The Chronicles of Riddick picks up six years after the final events in Pitch Black. Escaped convict Richard B. Riddick (Vin Diesel) is once again being hunted by mercenaries for the bounty placed on his head. Riddick manages to escape capture and located the creditor who is offering the reward for his capture. This old friend brings him to New Mecca where Aereon (Dame Judi Dench), an elemental, pleads for Riddick to help her disrupt the reign of the Necromongers, a group of traveling warriors seeking out the Underverse, their promise land. The Necros jump from planet to planet, assimilating the inhabitants and destroying their very existence.

If the film sounds like it doesn’t have much to do with Pitch Black, you are reading correctly. The basic story elements of Riddick are left intact, and the characters that survived the first film are in this one, but newbies to the series, those who haven’t seen the first film, will find Riddick as easily accessible as those who loved the first film. This is where the movie’s major problem lies, Universal built the movie around Riddick this time, and the premise of the character is strong enough to support a trilogy of movies, but the writing in this film is so absurd in some parts that you almost wonder if this was from the same director.

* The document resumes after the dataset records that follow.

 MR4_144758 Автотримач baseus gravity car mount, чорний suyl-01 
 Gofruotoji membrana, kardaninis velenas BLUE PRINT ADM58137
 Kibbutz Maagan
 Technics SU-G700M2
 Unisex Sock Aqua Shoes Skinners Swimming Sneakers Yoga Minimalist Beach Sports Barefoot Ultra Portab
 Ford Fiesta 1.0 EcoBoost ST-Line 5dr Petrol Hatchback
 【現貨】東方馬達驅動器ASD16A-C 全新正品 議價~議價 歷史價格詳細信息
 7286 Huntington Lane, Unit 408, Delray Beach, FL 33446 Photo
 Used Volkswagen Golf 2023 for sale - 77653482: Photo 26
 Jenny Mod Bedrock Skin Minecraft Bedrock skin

I must give David Twohy credit though; he managed to do what Stephen Somers only dreamed of with Van Helsing, he created a film with amazing architecture, back-story, and sequel elements that will have science fiction fans clamoring for more for the next ten years. Somers could only accommodate 10 minutes of story laced in with his elaborate special effects and “liberties” that turned one of the coolest villains in cinema history into a Kindercare teacher. Twohy established Riddick in the first film, so the trick this time was figuring out a way to craft a story around him so that it would be believable for the character to return and not leave the audience laughing at the absurdity of it. Mind you, this is no laugh-fest like LXG, but you will still be chuckling to yourself at times when the story is suppose to be suspenseful and interesting.

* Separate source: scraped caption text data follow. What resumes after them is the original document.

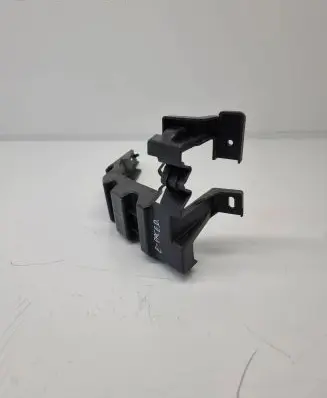 Jaguar E-Pace Rear bumper mounting bracket J9C317A881A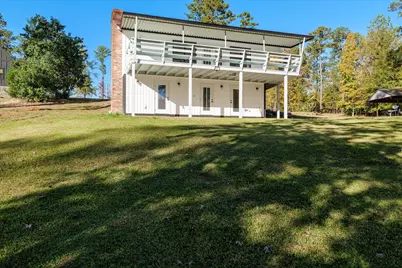 6312 Keg Creek Drive, Appling, GA 30802 - Photo 45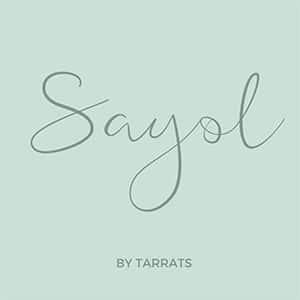 Sayol - Zapatería de Mujer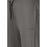 VIRTUS Streat V3 M Sweat Pants Pants 1013 Gunmetal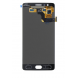 LCD-display + beröringsenhet för OnePlus 3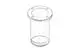 DORNBRACHT-Anschluss-ERSATZTEILE-093001105-M36-x-1-5-mm-09300110590 gallery number 1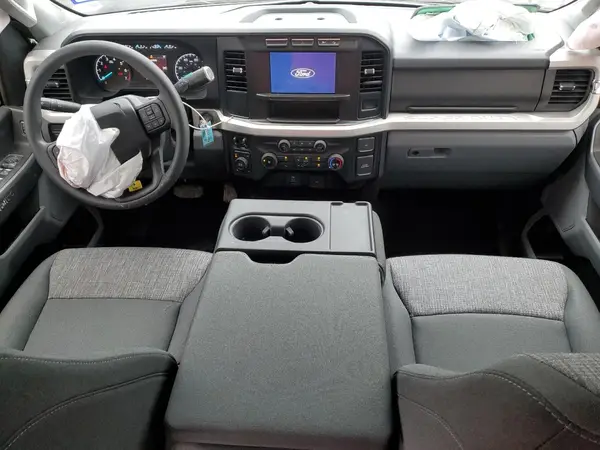 1FT7W2BAXREE62922 2024 FORD F250 - Image 8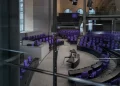 Bundestag 16.06.2026: Die wichtigsten Drucksachen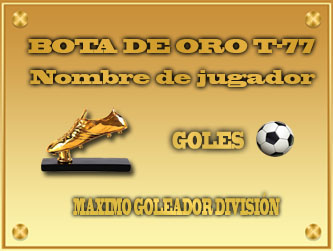 placa-maximo-goleador.jpg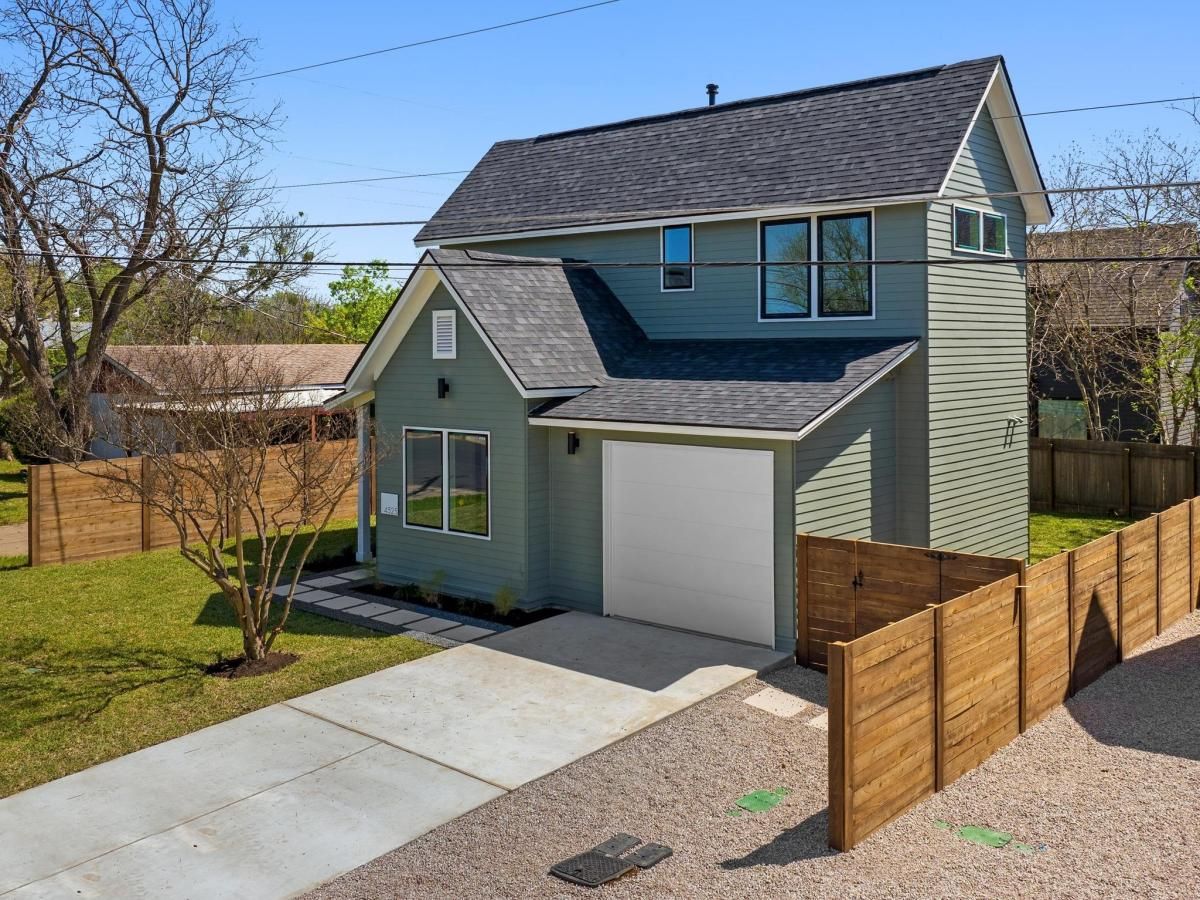 MLS #9406423 image #0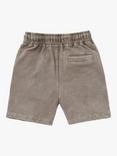 Angel & Rocket Kids' Rudi Shorts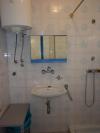 Apartments Tonia - great location & afordable: A1(4+1)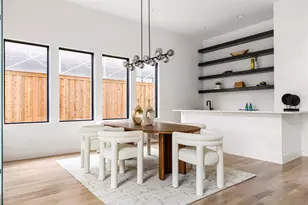 3869 Wemdon Dr, Dallas, TX 75220 - Photo 7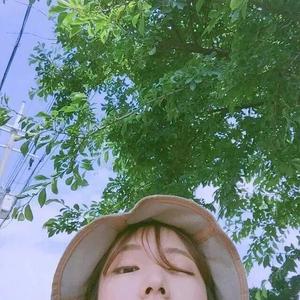 浅a若夏沫头像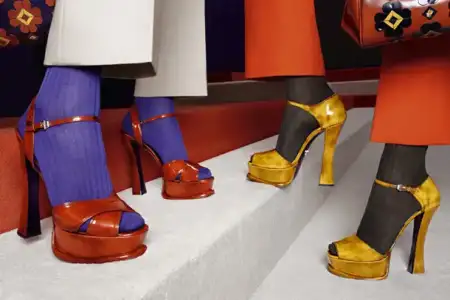 $prada_2013_modelleri (12).webp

As the story breaks down Riddick realizes that he is one of the only remaining Furions, a race of born warriors who wouldn’t bow to the Necromonger leader Lord Marshal (Colm Feore). After his escape from the Necro Flagship he is transported to a penal colony deep inside a boiling planet where the sun will burn you alive on contact, this proves to hold a bulk of the movie’s main story elements, including Riddick’s reunion with Kyra (Alexa Davalos) who previously went by Jack in Pitch Black. Still, Riddick’s biggest hook is his ability to see in the dark. This ability is drastically underused in the film because it simply isn’t needed. Not being stranded on a planet held in perpetual darkness doesn’t aid itself well to the story. But the screenwriters can’t make up their mind whether Riddick should wear the goggles or not. In Pitch Black we saw him flinch when light was shined in his eye, but in this film he walks through half of the movie without them, and the other half either taking them off or putting them back on.

Those with a keen eye will notice the Shakespearian undertones to one of the movie’s B-storylines which involves Vaako (Karl Urban) and Dame Vaako (Thandie Newton). The constant persistence of the female half of this union prodding her husband to murder his lord and take his rightfully place atop the throne of the Necromongers. For those wondering, read Macbeth.

I still have mixed feelings as to whether I really liked the film or if I was disappointed, and maybe when it comes time to revisit the Summer of Cinema Feature in September I will have different feelings, or maybe a few viewings on DVD will put my mind at ease. As it stands now, The Chronicles of Riddick brings back one of the coolest anti-heroes ever brought to the big screen, but whether the film is a success in the minds of moviegoers and fans remains to be seen.